Firstly, it's worth getting a reality-check on 3G.

In W Europe, Vodafone now has 24m 3G subscribers out of a total of 111m. I'd guess around 3.5m-4m of the 3G devices are dongles & other modems. (Voda says it has 5.8m total modems and Blackberry-type email devices).

In its EMAPA region (E Europe, MidEast, Asia & Pacific) it has just 3m of its 119m subscribers using 3G.

It's sometimes tempting to think that 3G's march through the user base is a "done deal" and we're all moving on inevitably to LTE in short order. Walking through central London, you'd imagine that everyone has a Nokia (NOK) N95 or SonyEricsson (SNE) K800/850i. But these figures highlights just how slowly the real world moves - there's still plenty of GSM out there, and it's not changing very quickly (and, indeed, it's still growing hard in places like India).

In fact, it must be rather confounding for the mobile industry's "establishment" that Vodafone's impressively strong growth has been based on the growth of 3 things:
 

  • Low end voice-centric subscribers in emerging markets
  • Continued growth in SMS traffic & value
  • Data pipes

Do a search for the word "content" in the results, and you get two mentions. In Germany, it says it has seen "a 10.1% reduction in other direct costs, mainly from fewer handset sales to third party distributors and lower content costs". In the UK it says "The 7.1% increase in other direct costs was due to cost of sales associated with the growing managed solutions business and investment in content based data services".

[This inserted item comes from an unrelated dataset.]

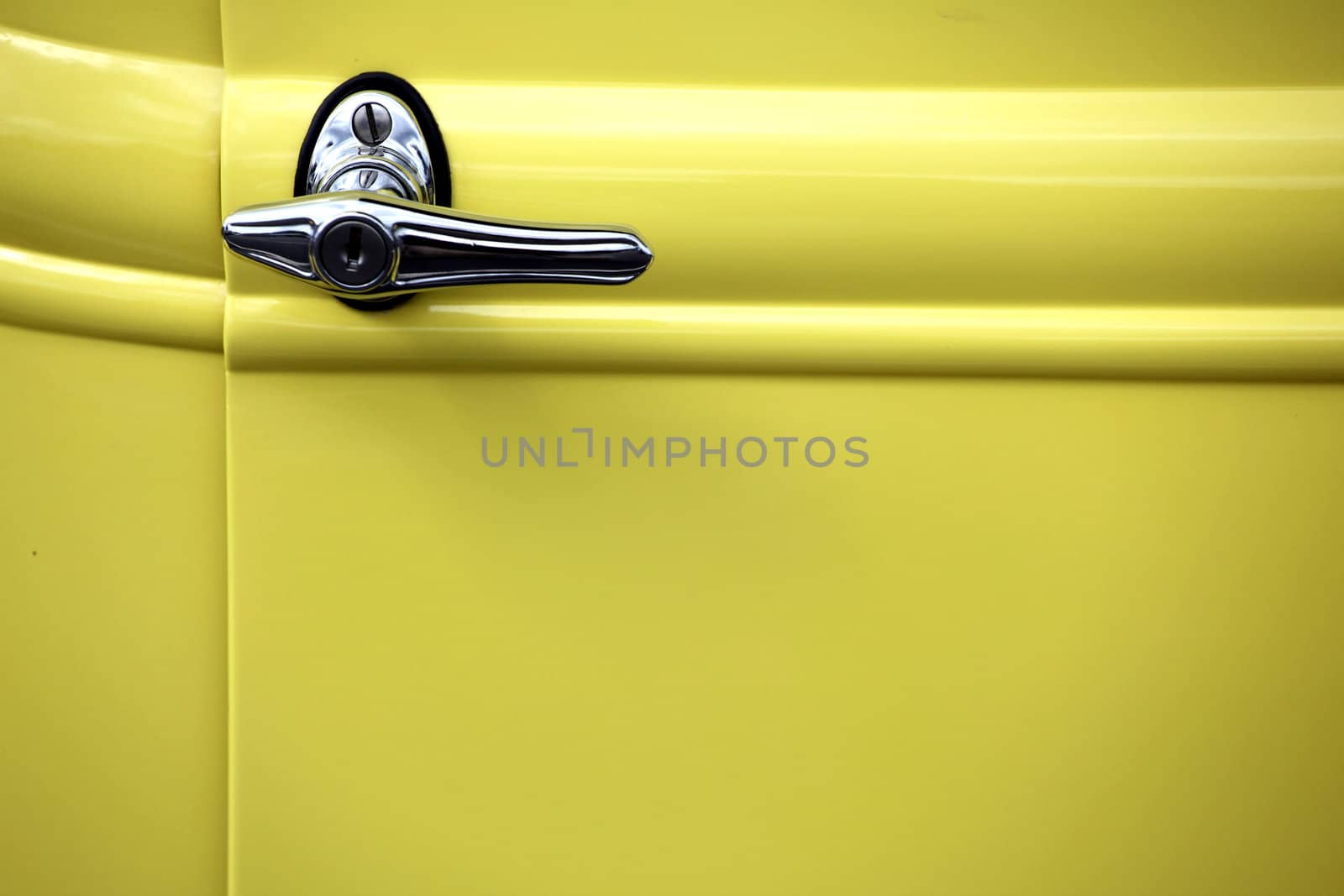 Classic yellow car door.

It seems that mobile content has moved from being seen as a revenue source, to being a cost.

Not directly quoted in the results, it's also interesting to see that Voda's German head has been quoted as (I'm paraphrasing) saying that subscription-paid Mobile TV is dead. He's pointing the finger at phones capable of receiving free-to-air terrestrial digital TV, although to my mind that's just a convenient get-out clause as the whole Mobile TV proposition is inherently flaky.

Lastly, a plug for my company, Disruptive Analysis. I'm going to let myself be a bit smug and say "I told you so". It was2 years ago that I wrote about my analysis of Voda's data revenues indicated it being dominated by Blackberry and 3G modems. At the time, that was against a backdrop of sustained noisy wishful thinking about Live! and other content/inhouse data services. Many other analysts were exhorting mobile operators to avoid flatrate data plans like the plague, pointing to a horrible "bitpipe" future.

And yet now:

Over the year, data revenue has increased by 40.6% on an organic basis to £2.2 billion, principally driven by continued strong growth in business email and PC connectivity devices, which in total nearly doubled to 5.8 million. We have seen strong take up this year of USB modems

I've been consistently saying that is has been an inevitability.

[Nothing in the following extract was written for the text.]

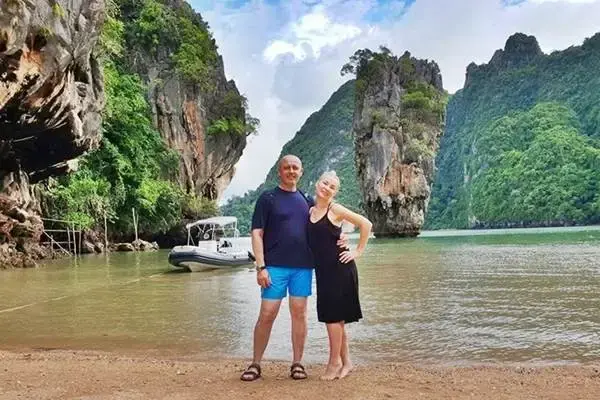 Visitors sightseeing at James Bond Island during a sunset tour through Phang Nga Bay from Phuket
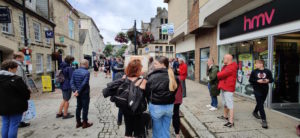 A crowd listening to a sketchboard in Truro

Many seem uncertain about deploying IMS, worrying that it could open the floodgates to 3rd-party IP applications. What they don't realise is that it's going to happen anyway, and that opening the floodgates is the only way to avoid drowning in the flood.

I've been privately advising some of my consulting clients about contrarian and anti-consensus views like these, just as I have been counseling them to dismiss many of the rose-tinted surveys and forecasts about mobile content/applications that don't bear close scrutiny. There are plenty of ways to sell, enhance and monetise "pipes". And there are some next-gen service opportunities that are probable winners.